**Requirement**
Pictures aside, reproduce exactly each line from the one holding "Casino Bingo Tear Open" through the last line of the material, both ends included.

**Material supplied**

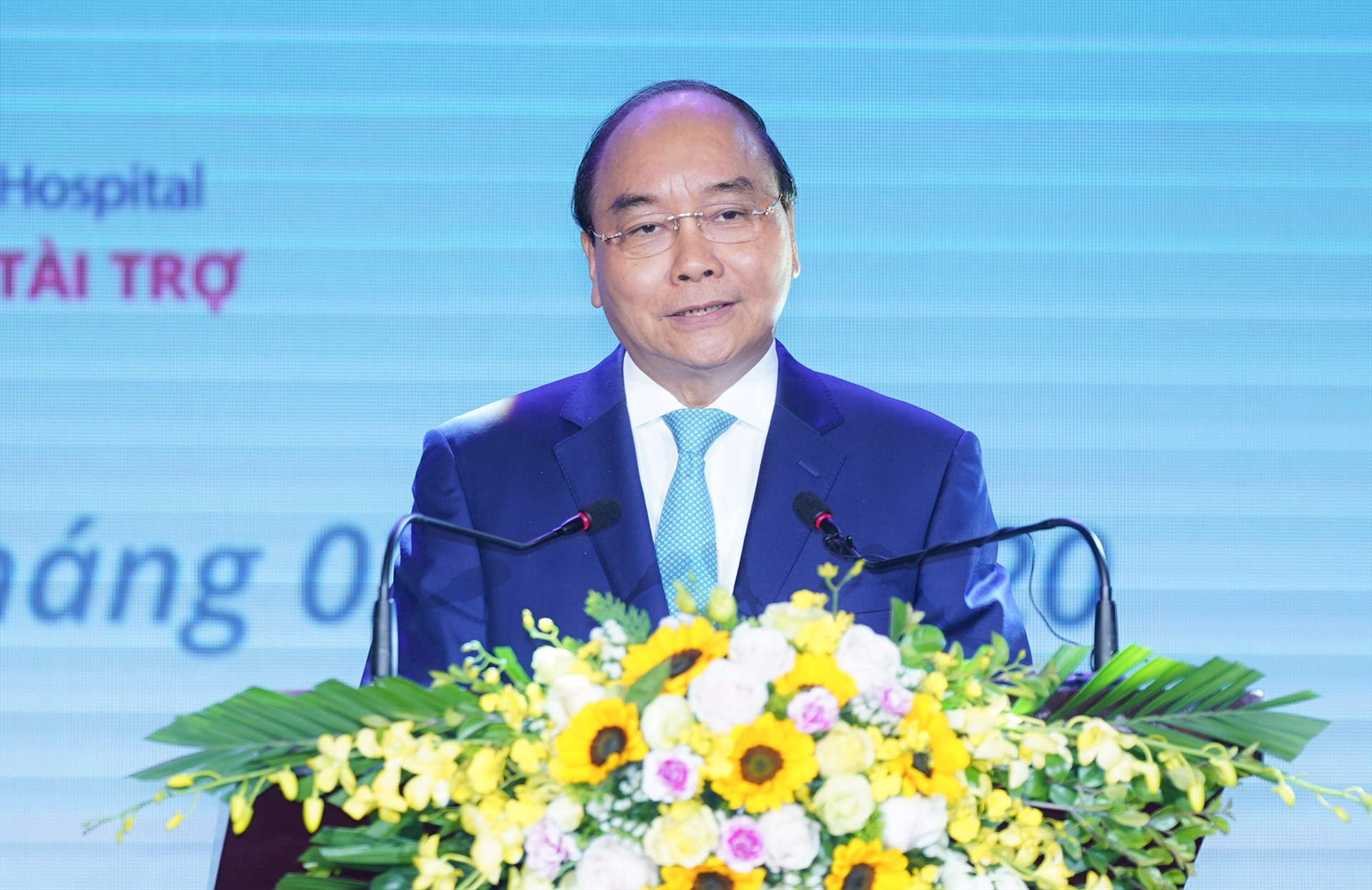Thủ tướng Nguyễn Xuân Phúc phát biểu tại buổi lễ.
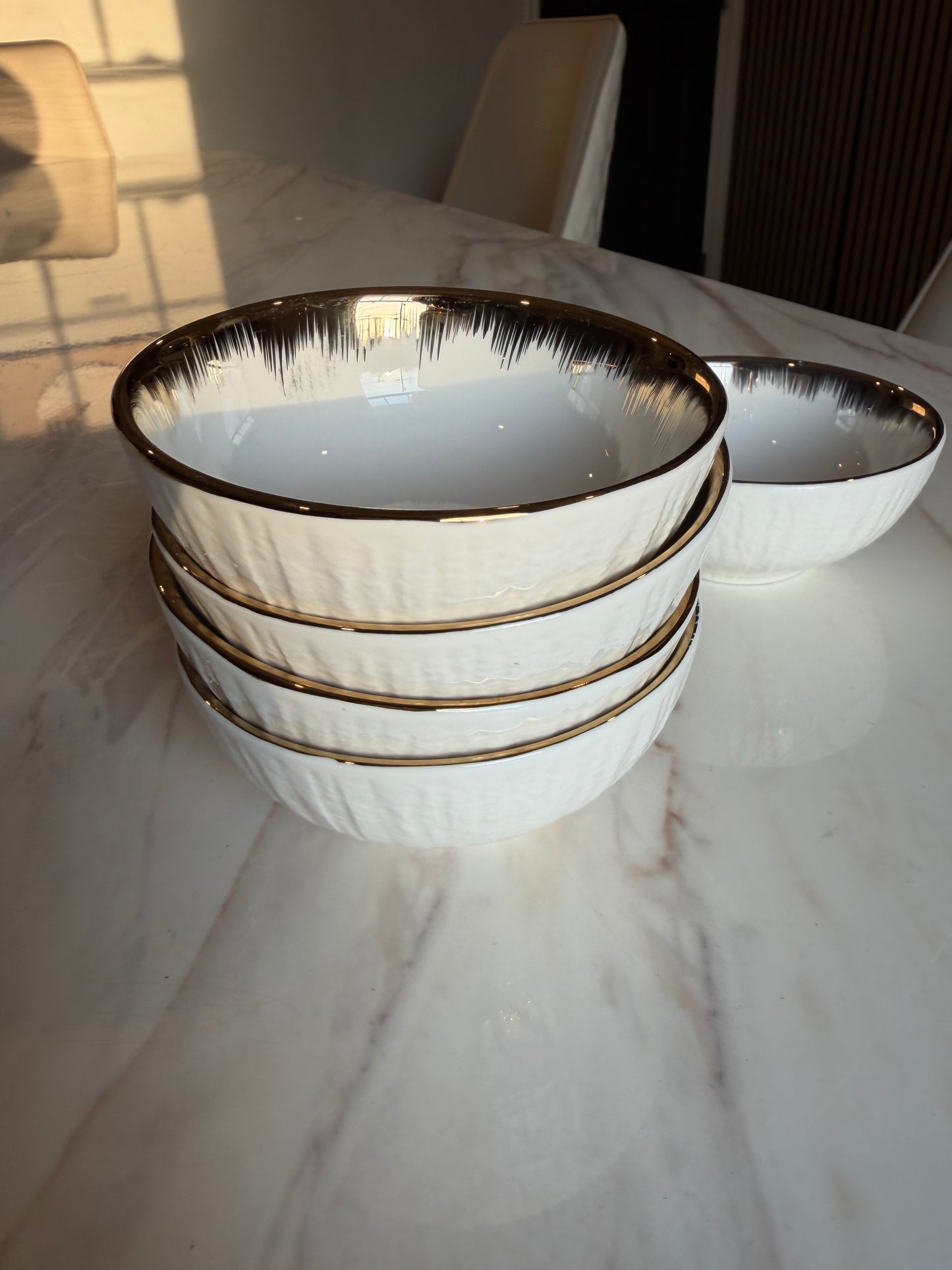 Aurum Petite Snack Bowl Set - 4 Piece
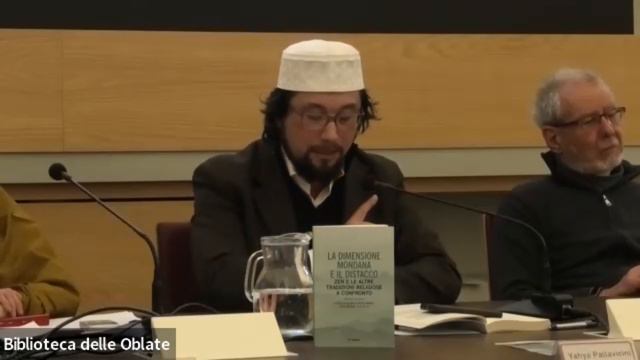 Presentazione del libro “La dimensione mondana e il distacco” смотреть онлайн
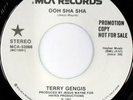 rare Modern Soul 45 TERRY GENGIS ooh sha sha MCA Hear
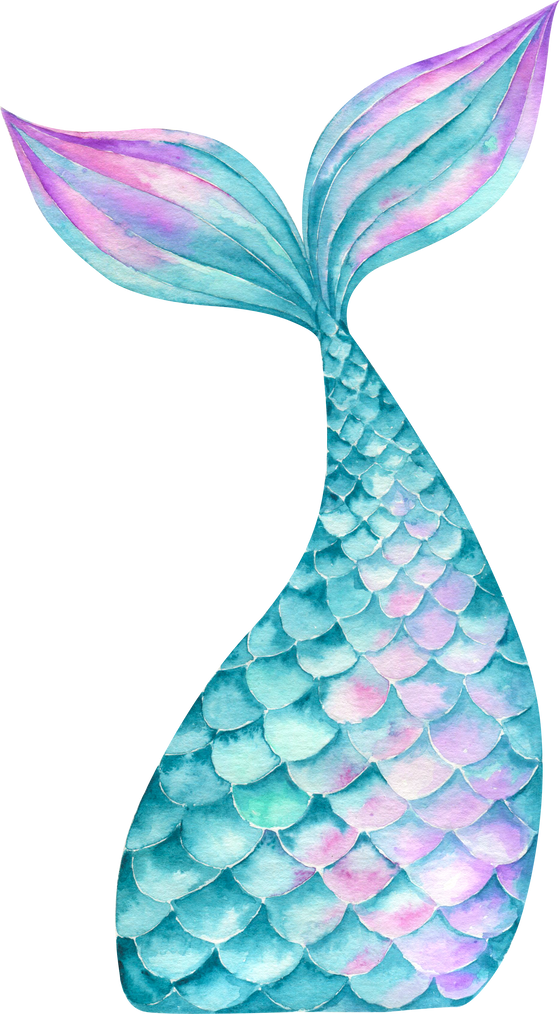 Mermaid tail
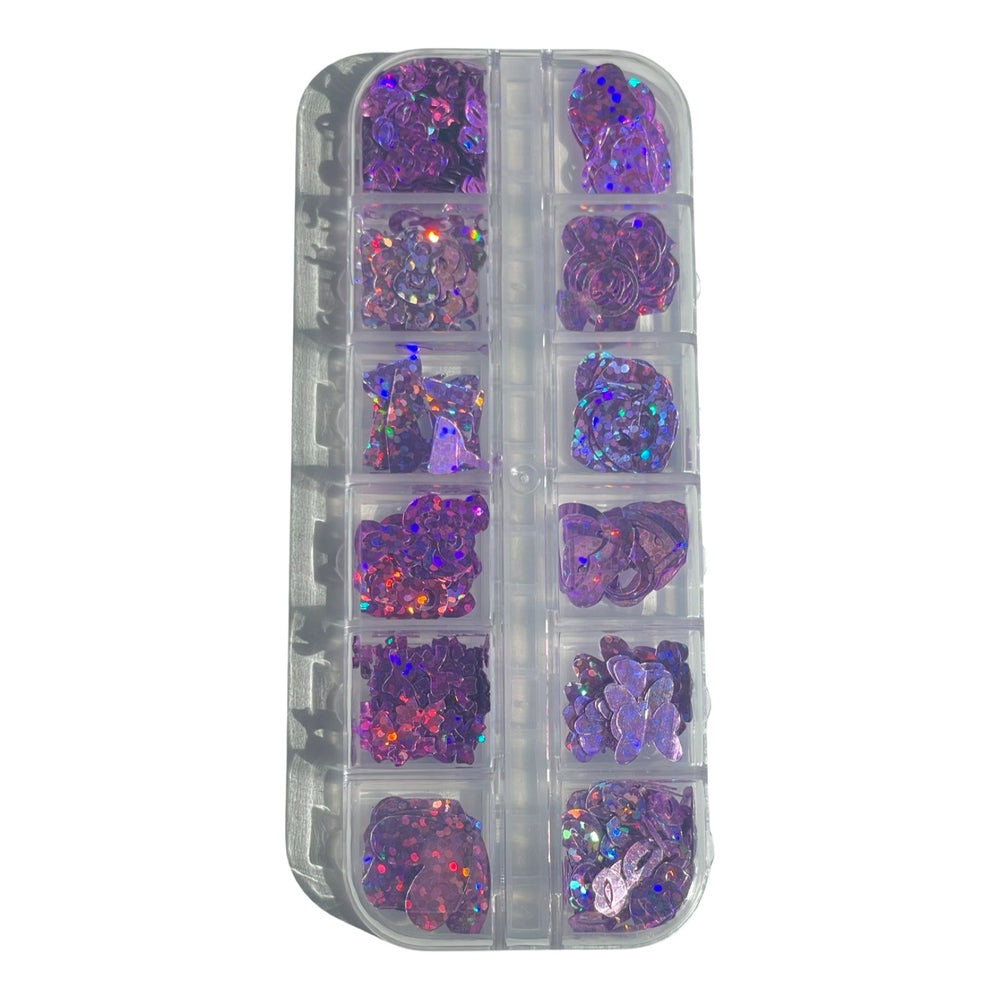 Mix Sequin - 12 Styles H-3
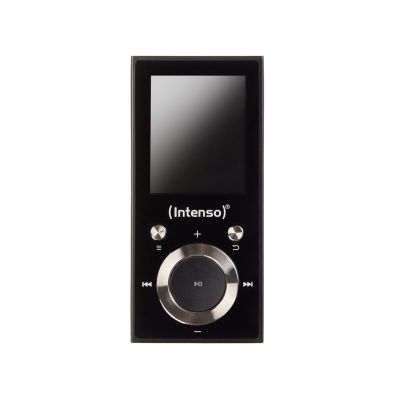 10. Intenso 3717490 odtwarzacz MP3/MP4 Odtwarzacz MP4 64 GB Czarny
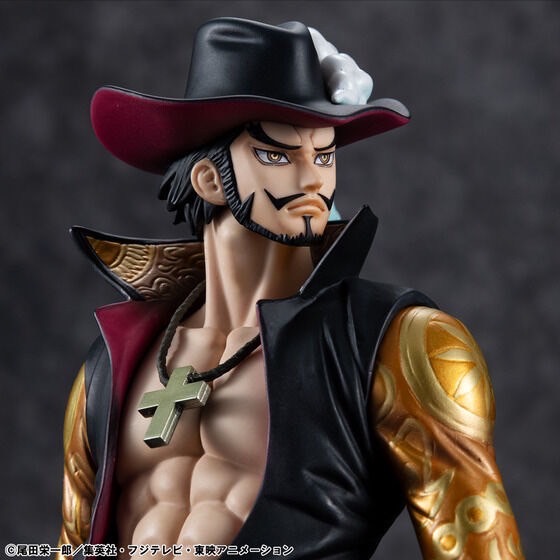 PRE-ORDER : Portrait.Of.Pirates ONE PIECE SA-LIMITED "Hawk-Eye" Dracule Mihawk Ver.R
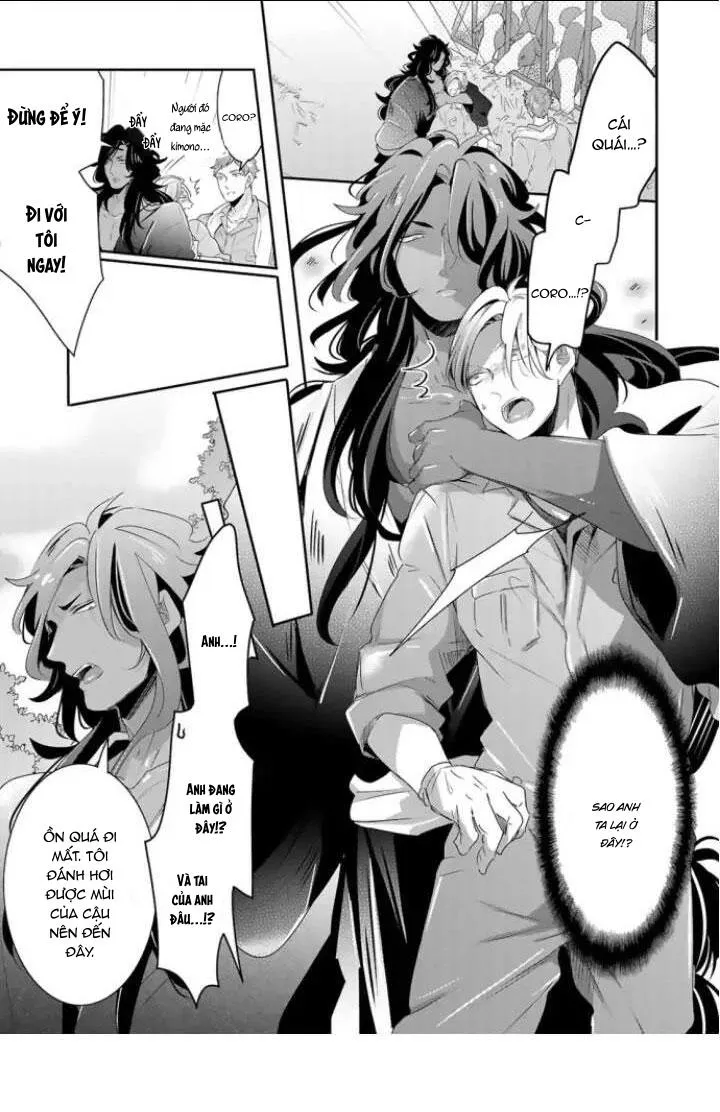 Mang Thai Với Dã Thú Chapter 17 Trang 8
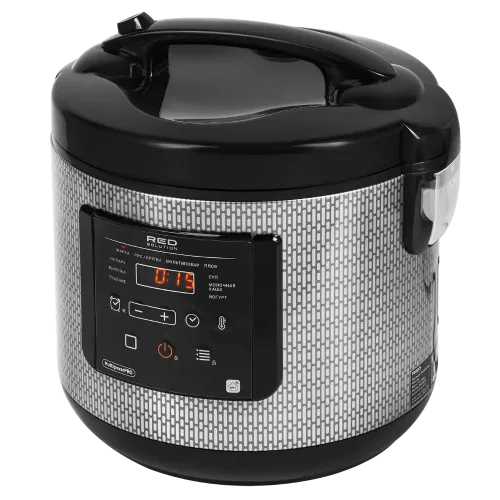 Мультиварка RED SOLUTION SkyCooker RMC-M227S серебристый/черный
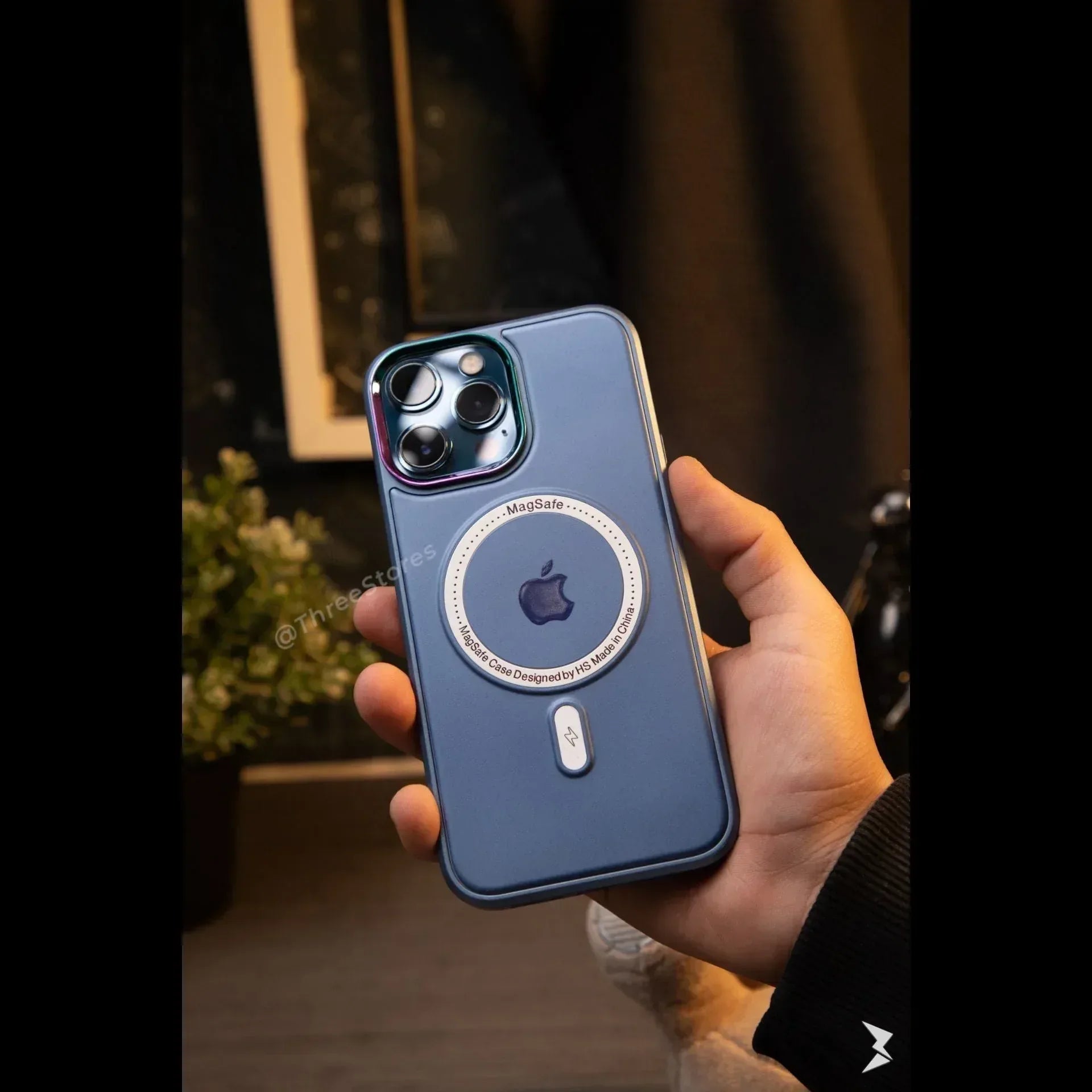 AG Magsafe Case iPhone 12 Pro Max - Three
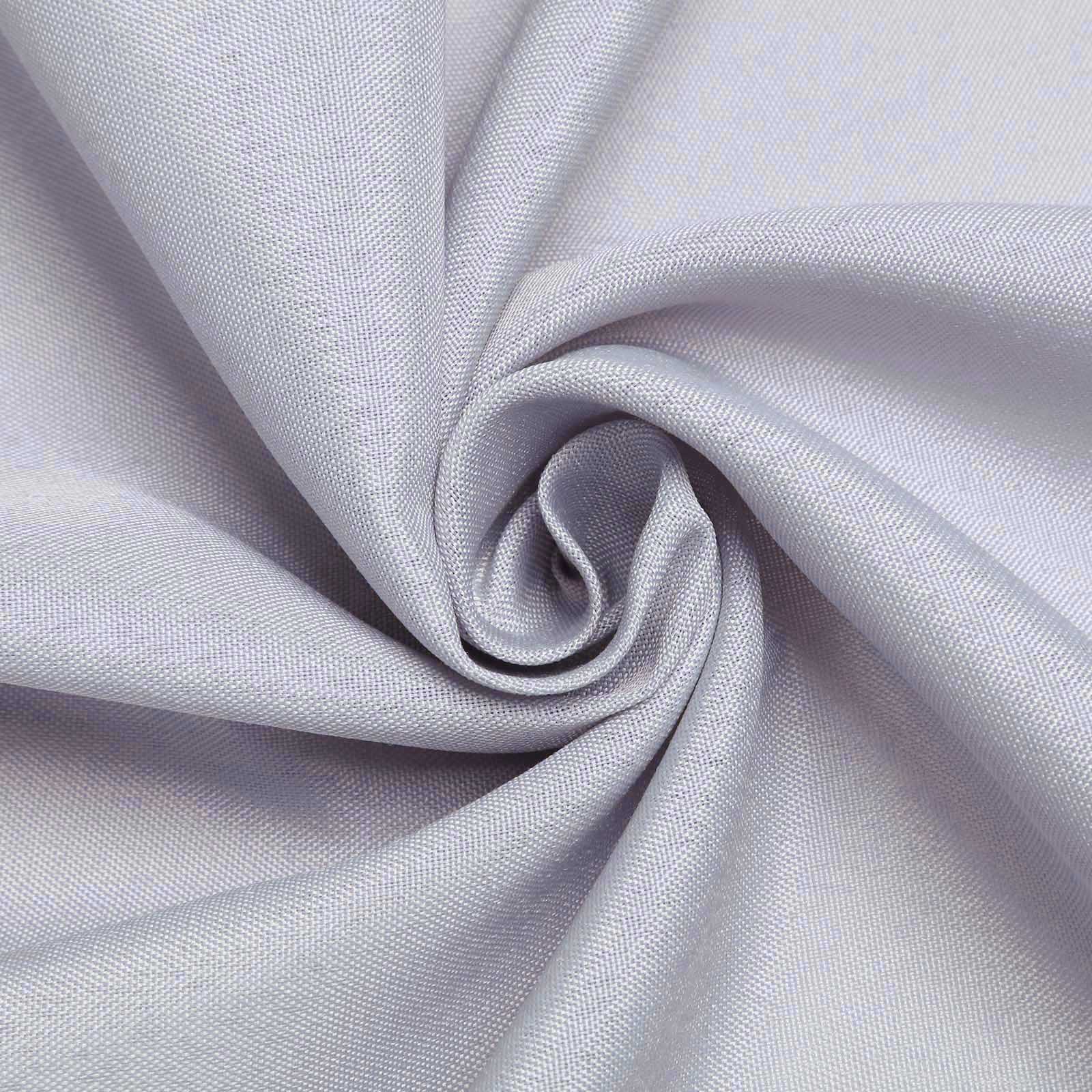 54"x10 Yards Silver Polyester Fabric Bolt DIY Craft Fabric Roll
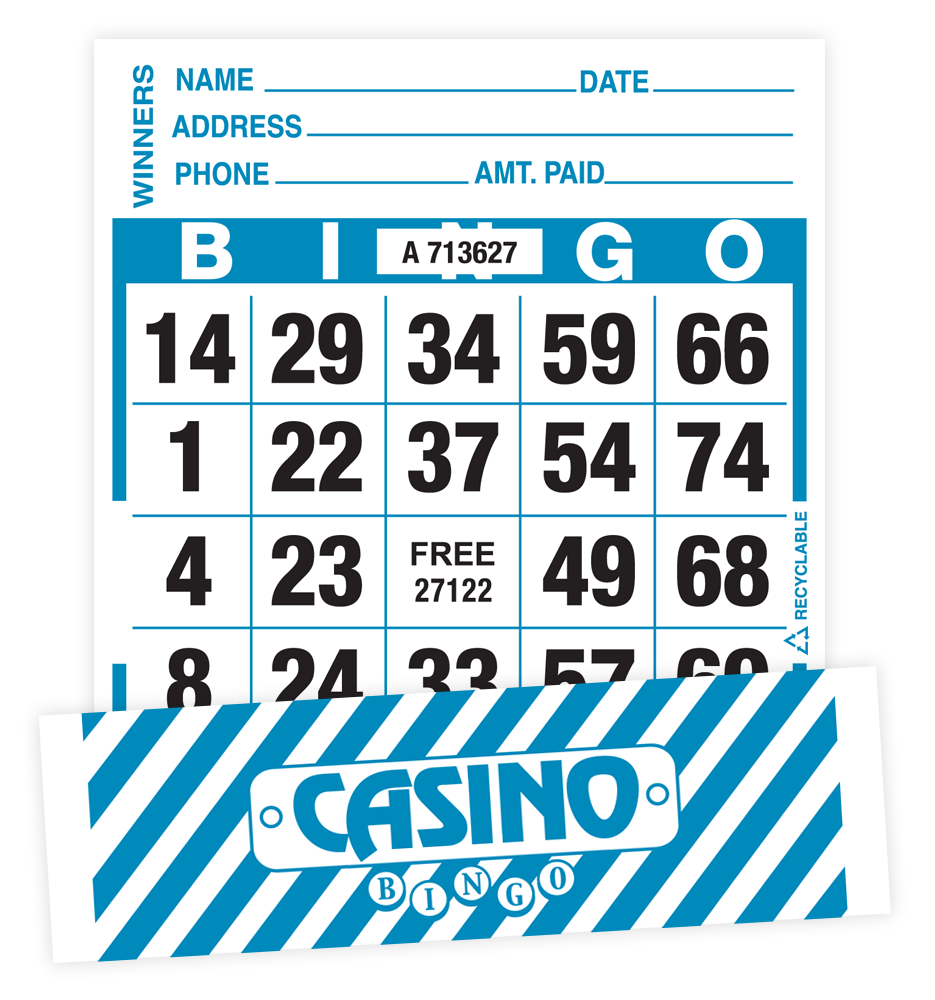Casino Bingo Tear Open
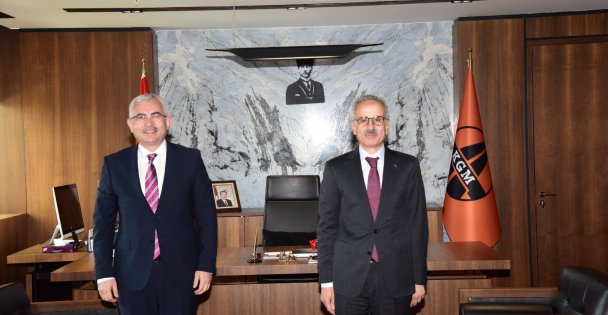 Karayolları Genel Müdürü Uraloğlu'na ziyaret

**Result**
Casino Bingo Tear Open
 Karayolları Genel Müdürü Uraloğlu'na ziyaret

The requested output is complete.